▶ PROBLEM:
Every entry needs to be repeated exactly, with nothing left out.
------------------------------------------------------------
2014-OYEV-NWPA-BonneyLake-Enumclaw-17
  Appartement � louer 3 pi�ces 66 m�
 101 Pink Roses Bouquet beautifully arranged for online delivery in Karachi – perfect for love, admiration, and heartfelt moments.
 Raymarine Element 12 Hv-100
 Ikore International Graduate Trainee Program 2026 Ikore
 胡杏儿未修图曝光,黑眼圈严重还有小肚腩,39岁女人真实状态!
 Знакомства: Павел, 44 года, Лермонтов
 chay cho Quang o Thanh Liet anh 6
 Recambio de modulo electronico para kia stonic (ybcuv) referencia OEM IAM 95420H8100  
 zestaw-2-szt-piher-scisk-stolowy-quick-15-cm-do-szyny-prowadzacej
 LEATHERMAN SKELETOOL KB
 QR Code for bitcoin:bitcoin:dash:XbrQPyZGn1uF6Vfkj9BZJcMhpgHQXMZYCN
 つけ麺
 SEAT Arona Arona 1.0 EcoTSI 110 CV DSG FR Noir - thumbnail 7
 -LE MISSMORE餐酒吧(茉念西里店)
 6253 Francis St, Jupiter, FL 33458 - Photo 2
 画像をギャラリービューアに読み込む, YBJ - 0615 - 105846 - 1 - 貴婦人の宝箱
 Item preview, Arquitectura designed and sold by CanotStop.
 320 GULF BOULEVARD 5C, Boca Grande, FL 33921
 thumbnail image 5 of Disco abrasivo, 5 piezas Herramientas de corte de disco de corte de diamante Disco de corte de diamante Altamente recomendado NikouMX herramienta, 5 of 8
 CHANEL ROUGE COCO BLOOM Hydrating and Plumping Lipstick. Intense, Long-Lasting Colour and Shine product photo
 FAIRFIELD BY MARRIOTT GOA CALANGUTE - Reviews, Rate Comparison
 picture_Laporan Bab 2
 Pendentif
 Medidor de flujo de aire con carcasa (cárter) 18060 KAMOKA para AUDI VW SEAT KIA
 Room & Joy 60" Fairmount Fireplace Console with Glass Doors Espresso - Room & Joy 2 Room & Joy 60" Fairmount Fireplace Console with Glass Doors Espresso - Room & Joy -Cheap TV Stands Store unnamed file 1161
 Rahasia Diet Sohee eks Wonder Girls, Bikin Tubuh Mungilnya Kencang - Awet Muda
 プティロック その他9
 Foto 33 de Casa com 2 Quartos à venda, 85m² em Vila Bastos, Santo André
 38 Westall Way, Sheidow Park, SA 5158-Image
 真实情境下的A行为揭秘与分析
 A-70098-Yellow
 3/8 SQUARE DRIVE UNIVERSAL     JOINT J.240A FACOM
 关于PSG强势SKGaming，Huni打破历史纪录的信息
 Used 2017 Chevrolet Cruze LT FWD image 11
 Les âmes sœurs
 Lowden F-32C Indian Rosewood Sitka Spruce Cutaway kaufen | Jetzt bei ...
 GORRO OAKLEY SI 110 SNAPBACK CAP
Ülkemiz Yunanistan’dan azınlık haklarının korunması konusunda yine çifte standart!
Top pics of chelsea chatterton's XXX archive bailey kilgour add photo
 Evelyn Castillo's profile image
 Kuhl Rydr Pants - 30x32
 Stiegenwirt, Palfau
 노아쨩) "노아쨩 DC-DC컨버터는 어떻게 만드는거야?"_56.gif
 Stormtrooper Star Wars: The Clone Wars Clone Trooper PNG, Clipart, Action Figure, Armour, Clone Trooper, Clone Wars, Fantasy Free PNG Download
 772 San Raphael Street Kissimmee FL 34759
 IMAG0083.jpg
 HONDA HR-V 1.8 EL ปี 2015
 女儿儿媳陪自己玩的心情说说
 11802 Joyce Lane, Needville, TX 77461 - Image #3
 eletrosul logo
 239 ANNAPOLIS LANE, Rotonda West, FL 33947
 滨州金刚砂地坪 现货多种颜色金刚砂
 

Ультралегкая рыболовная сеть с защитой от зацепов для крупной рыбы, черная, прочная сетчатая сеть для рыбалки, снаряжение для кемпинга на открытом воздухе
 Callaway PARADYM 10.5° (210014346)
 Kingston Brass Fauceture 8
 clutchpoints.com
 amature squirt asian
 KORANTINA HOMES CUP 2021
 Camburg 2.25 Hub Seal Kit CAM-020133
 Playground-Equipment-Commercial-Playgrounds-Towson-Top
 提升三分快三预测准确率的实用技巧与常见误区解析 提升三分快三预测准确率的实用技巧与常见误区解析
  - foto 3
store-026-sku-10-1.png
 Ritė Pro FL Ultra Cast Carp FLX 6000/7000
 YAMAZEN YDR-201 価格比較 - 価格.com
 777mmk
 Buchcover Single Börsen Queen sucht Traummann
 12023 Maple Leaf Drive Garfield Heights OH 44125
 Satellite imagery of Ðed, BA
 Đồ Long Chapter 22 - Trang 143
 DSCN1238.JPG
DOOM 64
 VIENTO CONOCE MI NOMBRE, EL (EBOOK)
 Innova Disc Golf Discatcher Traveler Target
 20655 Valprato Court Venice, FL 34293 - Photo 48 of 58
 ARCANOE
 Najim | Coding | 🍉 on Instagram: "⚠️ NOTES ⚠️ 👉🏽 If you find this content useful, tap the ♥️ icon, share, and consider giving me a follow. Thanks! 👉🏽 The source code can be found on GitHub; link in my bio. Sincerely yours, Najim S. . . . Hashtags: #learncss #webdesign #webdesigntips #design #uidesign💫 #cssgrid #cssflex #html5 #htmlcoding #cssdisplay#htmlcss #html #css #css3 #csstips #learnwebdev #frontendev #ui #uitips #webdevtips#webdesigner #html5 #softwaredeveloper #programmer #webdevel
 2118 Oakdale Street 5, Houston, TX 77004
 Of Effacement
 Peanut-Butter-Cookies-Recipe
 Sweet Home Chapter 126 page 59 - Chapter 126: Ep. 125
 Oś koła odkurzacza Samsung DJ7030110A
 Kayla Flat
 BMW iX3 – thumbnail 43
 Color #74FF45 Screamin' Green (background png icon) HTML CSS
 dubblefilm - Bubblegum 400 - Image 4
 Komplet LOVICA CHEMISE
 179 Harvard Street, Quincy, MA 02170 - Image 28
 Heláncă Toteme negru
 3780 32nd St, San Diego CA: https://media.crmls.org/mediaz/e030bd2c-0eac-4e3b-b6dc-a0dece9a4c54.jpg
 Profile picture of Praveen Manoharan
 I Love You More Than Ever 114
------------------------------------------------------------
▶ RESULT FOR THIS TASK:
2014-OYEV-NWPA-BonneyLake-Enumclaw-17
  Appartement � louer 3 pi�ces 66 m�
 101 Pink Roses Bouquet beautifully arranged for online delivery in Karachi – perfect for love, admiration, and heartfelt moments.
 Raymarine Element 12 Hv-100
 Ikore International Graduate Trainee Program 2026 Ikore
 胡杏儿未修图曝光,黑眼圈严重还有小肚腩,39岁女人真实状态!
 Знакомства: Павел, 44 года, Лермонтов
 chay cho Quang o Thanh Liet anh 6
 Recambio de modulo electronico para kia stonic (ybcuv) referencia OEM IAM 95420H8100  
 zestaw-2-szt-piher-scisk-stolowy-quick-15-cm-do-szyny-prowadzacej
 LEATHERMAN SKELETOOL KB
 QR Code for bitcoin:bitcoin:dash:XbrQPyZGn1uF6Vfkj9BZJcMhpgHQXMZYCN
 つけ麺
 SEAT Arona Arona 1.0 EcoTSI 110 CV DSG FR Noir - thumbnail 7
 -LE MISSMORE餐酒吧(茉念西里店)
 6253 Francis St, Jupiter, FL 33458 - Photo 2
 画像をギャラリービューアに読み込む, YBJ - 0615 - 105846 - 1 - 貴婦人の宝箱
 Item preview, Arquitectura designed and sold by CanotStop.
 320 GULF BOULEVARD 5C, Boca Grande, FL 33921
 thumbnail image 5 of Disco abrasivo, 5 piezas Herramientas de corte de disco de corte de diamante Disco de corte de diamante Altamente recomendado NikouMX herramienta, 5 of 8
 CHANEL ROUGE COCO BLOOM Hydrating and Plumping Lipstick. Intense, Long-Lasting Colour and Shine product photo
 FAIRFIELD BY MARRIOTT GOA CALANGUTE - Reviews, Rate Comparison
 picture_Laporan Bab 2
 Pendentif
 Medidor de flujo de aire con carcasa (cárter) 18060 KAMOKA para AUDI VW SEAT KIA
 Room & Joy 60" Fairmount Fireplace Console with Glass Doors Espresso - Room & Joy 2 Room & Joy 60" Fairmount Fireplace Console with Glass Doors Espresso - Room & Joy -Cheap TV Stands Store unnamed file 1161
 Rahasia Diet Sohee eks Wonder Girls, Bikin Tubuh Mungilnya Kencang - Awet Muda
 プティロック その他9
 Foto 33 de Casa com 2 Quartos à venda, 85m² em Vila Bastos, Santo André
 38 Westall Way, Sheidow Park, SA 5158-Image
 真实情境下的A行为揭秘与分析
 A-70098-Yellow
 3/8 SQUARE DRIVE UNIVERSAL     JOINT J.240A FACOM
 关于PSG强势SKGaming，Huni打破历史纪录的信息
 Used 2017 Chevrolet Cruze LT FWD image 11
 Les âmes sœurs
 Lowden F-32C Indian Rosewood Sitka Spruce Cutaway kaufen | Jetzt bei ...
 GORRO OAKLEY SI 110 SNAPBACK CAP
Ülkemiz Yunanistan’dan azınlık haklarının korunması konusunda yine çifte standart!
Top pics of chelsea chatterton's XXX archive bailey kilgour add photo
 Evelyn Castillo's profile image
 Kuhl Rydr Pants - 30x32
 Stiegenwirt, Palfau
 노아쨩) "노아쨩 DC-DC컨버터는 어떻게 만드는거야?"_56.gif
 Stormtrooper Star Wars: The Clone Wars Clone Trooper PNG, Clipart, Action Figure, Armour, Clone Trooper, Clone Wars, Fantasy Free PNG Download
 772 San Raphael Street Kissimmee FL 34759
 IMAG0083.jpg
 HONDA HR-V 1.8 EL ปี 2015
 女儿儿媳陪自己玩的心情说说
 11802 Joyce Lane, Needville, TX 77461 - Image #3
 eletrosul logo
 239 ANNAPOLIS LANE, Rotonda West, FL 33947
 滨州金刚砂地坪 现货多种颜色金刚砂
 

Ультралегкая рыболовная сеть с защитой от зацепов для крупной рыбы, черная, прочная сетчатая сеть для рыбалки, снаряжение для кемпинга на открытом воздухе
 Callaway PARADYM 10.5° (210014346)
 Kingston Brass Fauceture 8
 clutchpoints.com
 amature squirt asian
 KORANTINA HOMES CUP 2021
 Camburg 2.25 Hub Seal Kit CAM-020133
 Playground-Equipment-Commercial-Playgrounds-Towson-Top
 提升三分快三预测准确率的实用技巧与常见误区解析 提升三分快三预测准确率的实用技巧与常见误区解析
  - foto 3
store-026-sku-10-1.png
 Ritė Pro FL Ultra Cast Carp FLX 6000/7000
 YAMAZEN YDR-201 価格比較 - 価格.com
 777mmk
 Buchcover Single Börsen Queen sucht Traummann
 12023 Maple Leaf Drive Garfield Heights OH 44125
 Satellite imagery of Ðed, BA
 Đồ Long Chapter 22 - Trang 143
 DSCN1238.JPG
DOOM 64
 VIENTO CONOCE MI NOMBRE, EL (EBOOK)
 Innova Disc Golf Discatcher Traveler Target
 20655 Valprato Court Venice, FL 34293 - Photo 48 of 58
 ARCANOE
 Najim | Coding | 🍉 on Instagram: "⚠️ NOTES ⚠️ 👉🏽 If you find this content useful, tap the ♥️ icon, share, and consider giving me a follow. Thanks! 👉🏽 The source code can be found on GitHub; link in my bio. Sincerely yours, Najim S. . . . Hashtags: #learncss #webdesign #webdesigntips #design #uidesign💫 #cssgrid #cssflex #html5 #htmlcoding #cssdisplay#htmlcss #html #css #css3 #csstips #learnwebdev #frontendev #ui #uitips #webdevtips#webdesigner #html5 #softwaredeveloper #programmer #webdevel
 2118 Oakdale Street 5, Houston, TX 77004
 Of Effacement
 Peanut-Butter-Cookies-Recipe
 Sweet Home Chapter 126 page 59 - Chapter 126: Ep. 125
 Oś koła odkurzacza Samsung DJ7030110A
 Kayla Flat
 BMW iX3 – thumbnail 43
 Color #74FF45 Screamin' Green (background png icon) HTML CSS
 dubblefilm - Bubblegum 400 - Image 4
 Komplet LOVICA CHEMISE
 179 Harvard Street, Quincy, MA 02170 - Image 28
 Heláncă Toteme negru
 3780 32nd St, San Diego CA: https://media.crmls.org/mediaz/e030bd2c-0eac-4e3b-b6dc-a0dece9a4c54.jpg
 Profile picture of Praveen Manoharan
 I Love You More Than Ever 114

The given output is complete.